There are several states in the Middle East region currently on the brink of economic and political collapse – Yemen, Iraq, Syria and Lebanon – Iranian meddling is directly responsible for all of this.

Even before 2020 all of these were deeply fragile, conflict-ridden states after at least a decade of Iranian attempts to subvert their political systems and convert them into client states. 

Prior to the pandemic, a huge proportion of Lebanese and Iraqi citizens were coming out onto the streets every day to protest the corruption and dysfunction of their governing systems and to express their outrage at Iranian interference.

In Iraq, hundreds of Iraqis were shot dead by militia snipers loyal to Tehran. Iranians themselves have also turned out in hundreds of thousands, despite massacres of protestors by the Revolutionary Guard.

Hezbollah now dominates Lebanon – in collaboration with loyal factions on Iran’s payroll. In Yemen, Iranian weapons allowed Houthi terrorists to take over much of the country. Iranian missiles have been used to launch hundreds of attacks against Saudi Arabia from inside Yemen.

In Syria, Iran has supported a regime which is so nasty, genocidal and corrupt that even its Russian allies have turned against it. Finally, in Iraq Al-Hashd al-Shaabi militants are in control of much of the country and dominate the political system.

Iran also tried on at least three occasions (1981, 1996 and 2011) to stage coups or regime change in Bahrain, including through smuggling explosives and weapons into the Kingdom with which to launch attacks against the police and public places. However, through the vigilance of Bahrain’s leadership and support of citizens, these attempts always ended in failure.

More recently, Iran’s cover-up of its Coronavirus outbreak allowed hundreds of virus cases to spread throughout the GCC region and Arab world. Even now, a high proportion of current Coronavirus cases are ultimately linked back to these original Iranian infections, which could have been prevented if the Tehran regime hadn’t prioritized saving face over saving lives.

Iraq and Lebanon in particular were prosperous and cultured Arab states. Iran has sought to steal their Arab identity and by turning them into marginalized pariah states has caused huge damage to their economies. All these states, along with Iran itself, were already facing chronic financial and political crises before the onset of Coronavirus and the economic damage caused by the crash in oil prices.

These countries already had shocking levels of youth unemployment, with unemployment rates increasing several times over in the first half of 2020 and large numbers of civil servants suddenly not being paid.

In past decades Arab leaders made strenuous efforts to seek brotherly relations with the Tehran regime, as a fellow Muslim nation.

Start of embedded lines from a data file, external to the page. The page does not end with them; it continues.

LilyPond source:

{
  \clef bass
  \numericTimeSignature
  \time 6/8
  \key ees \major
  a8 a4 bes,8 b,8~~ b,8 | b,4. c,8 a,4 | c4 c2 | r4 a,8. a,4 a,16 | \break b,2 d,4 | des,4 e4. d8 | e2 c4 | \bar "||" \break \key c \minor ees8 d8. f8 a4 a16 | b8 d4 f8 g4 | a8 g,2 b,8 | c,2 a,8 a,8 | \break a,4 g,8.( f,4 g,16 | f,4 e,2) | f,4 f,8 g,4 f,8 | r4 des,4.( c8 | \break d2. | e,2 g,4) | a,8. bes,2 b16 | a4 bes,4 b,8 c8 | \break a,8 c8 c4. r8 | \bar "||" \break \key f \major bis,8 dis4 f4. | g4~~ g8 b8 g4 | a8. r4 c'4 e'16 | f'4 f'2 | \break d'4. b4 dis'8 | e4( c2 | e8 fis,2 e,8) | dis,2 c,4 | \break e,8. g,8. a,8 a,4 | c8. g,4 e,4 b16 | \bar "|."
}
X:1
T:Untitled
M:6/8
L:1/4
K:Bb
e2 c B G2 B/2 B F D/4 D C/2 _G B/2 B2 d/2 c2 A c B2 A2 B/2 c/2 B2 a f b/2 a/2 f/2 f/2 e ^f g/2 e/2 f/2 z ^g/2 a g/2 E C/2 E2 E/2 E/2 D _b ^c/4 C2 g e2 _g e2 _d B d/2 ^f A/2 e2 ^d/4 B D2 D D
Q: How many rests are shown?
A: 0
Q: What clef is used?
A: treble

However, on all occasions the response has been attempts at subversion, regime change, cyber-warfare, terrorism, paramilitancy, weapons proliferation, hostile media propagandizing, money-laundering, drugs smuggling and organized crime. This is a terrorist regime which only knows how to conduct foreign policy through attacking all states within its reach.

Unfortunately, European politicians seem to believe that they can address Tehran’s warmongering and nuclear proliferation just by talking nicely to the Ayatollahs. The US leadership (for now) takes the Iranian threat seriously, but beyond endless sanctions announcements doesn’t appear to have a serious strategy for ending this threat.

A sickness has spread across the region and the roots of that sickness lead back to Tehran. America and Coronavirus have crushed Iran’s economy, yet still much of the Iranian state budget is diverted to waging war, paramilitancy and chaos throughout the region. This won’t cease until Iranians themselves rise up and dispose of their evil leaders.